**TRY IT**
With the images removed, write out every line below exactly.

==== TASK INPUT ====

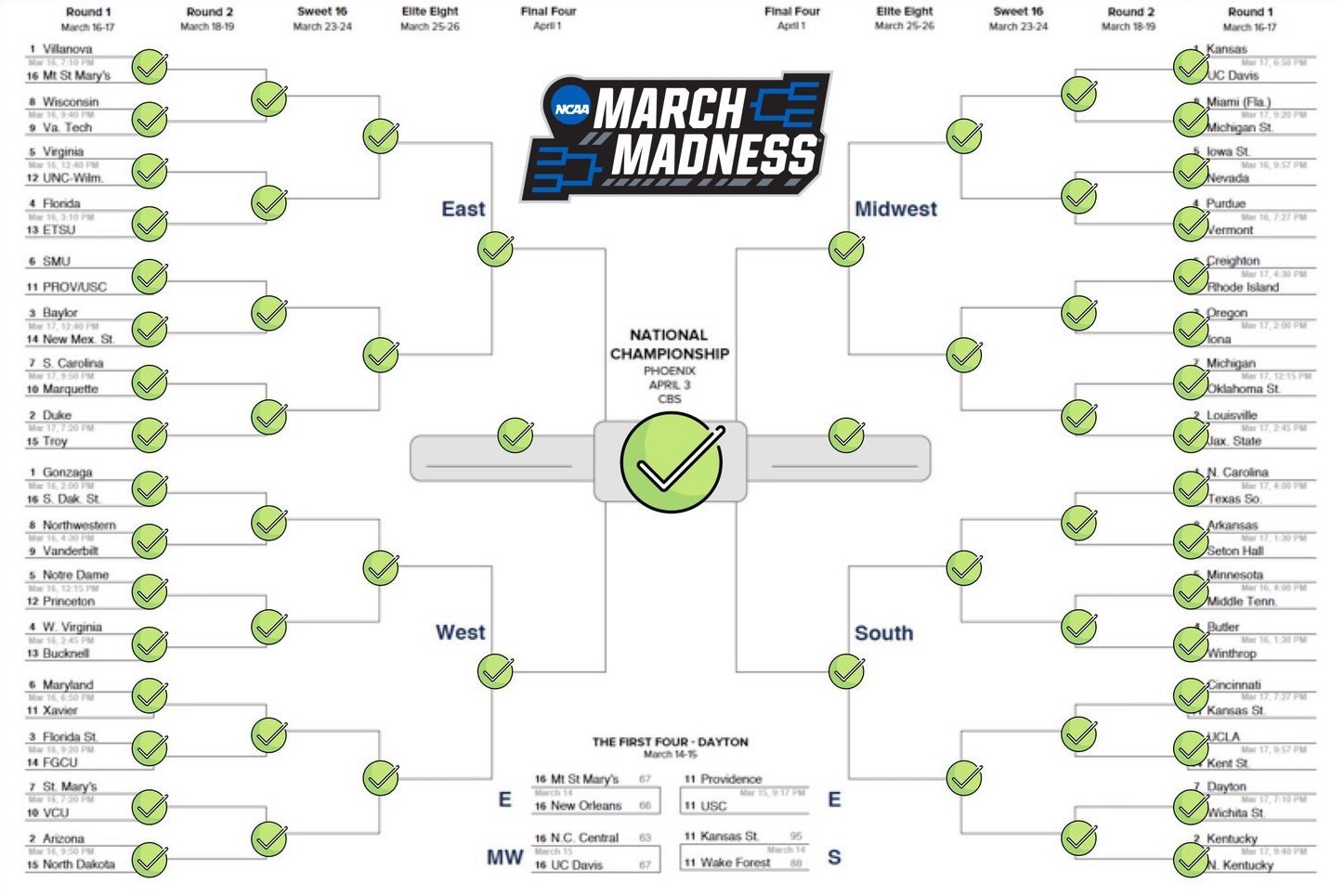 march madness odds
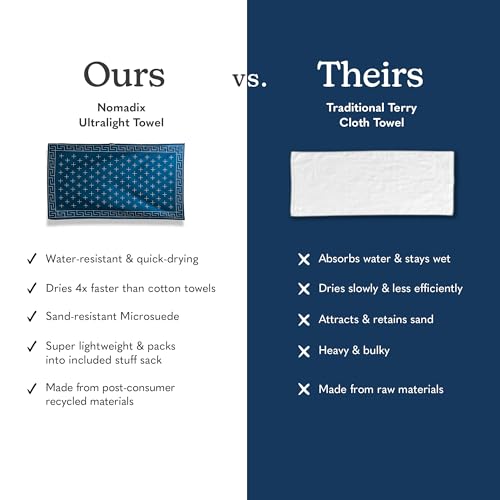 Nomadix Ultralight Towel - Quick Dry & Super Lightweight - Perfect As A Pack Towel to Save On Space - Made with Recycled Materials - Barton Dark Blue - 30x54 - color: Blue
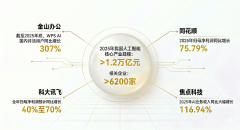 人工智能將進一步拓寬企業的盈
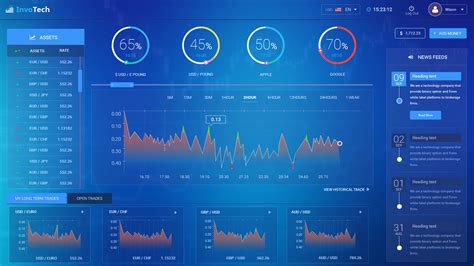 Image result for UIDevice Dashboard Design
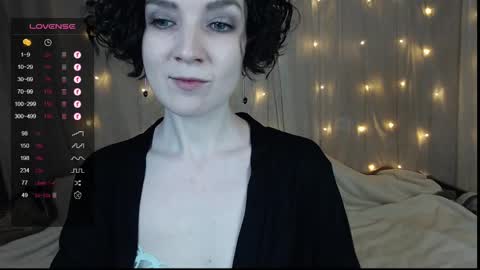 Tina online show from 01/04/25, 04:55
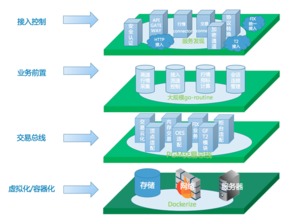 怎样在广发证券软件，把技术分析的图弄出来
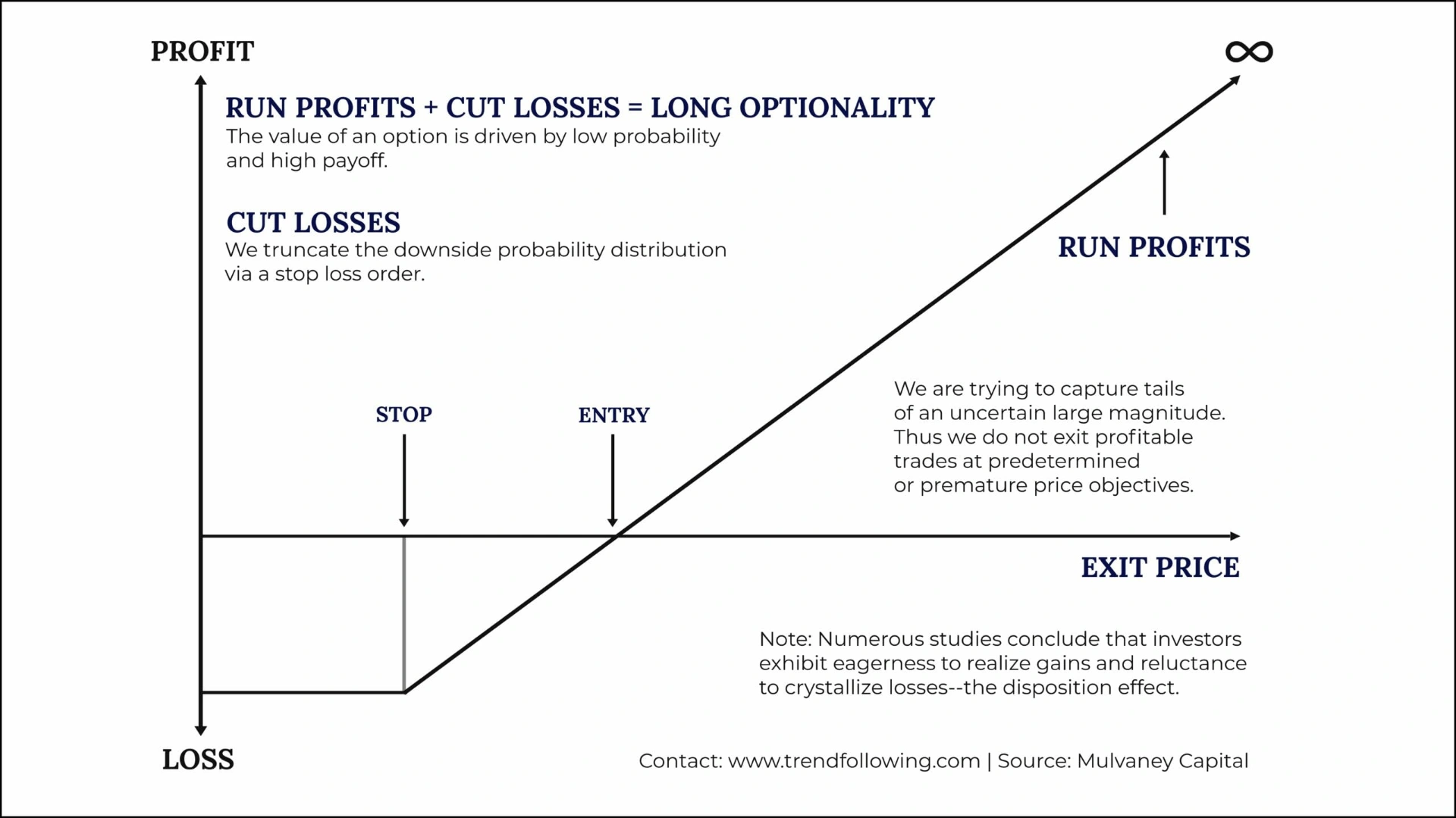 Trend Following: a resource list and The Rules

====

**SOLUTION TO THIS EXERCISE**
 march madness odds
 Nomadix Ultralight Towel - Quick Dry & Super Lightweight - Perfect As A Pack Towel to Save On Space - Made with Recycled Materials - Barton Dark Blue - 30x54 - color: Blue
 人工智能將進一步拓寬企業的盈
 Image result for UIDevice Dashboard Design
 Tina online show from 01/04/25, 04:55
 怎样在广发证券软件，把技术分析的图弄出来
 Trend Following: a resource list and The Rules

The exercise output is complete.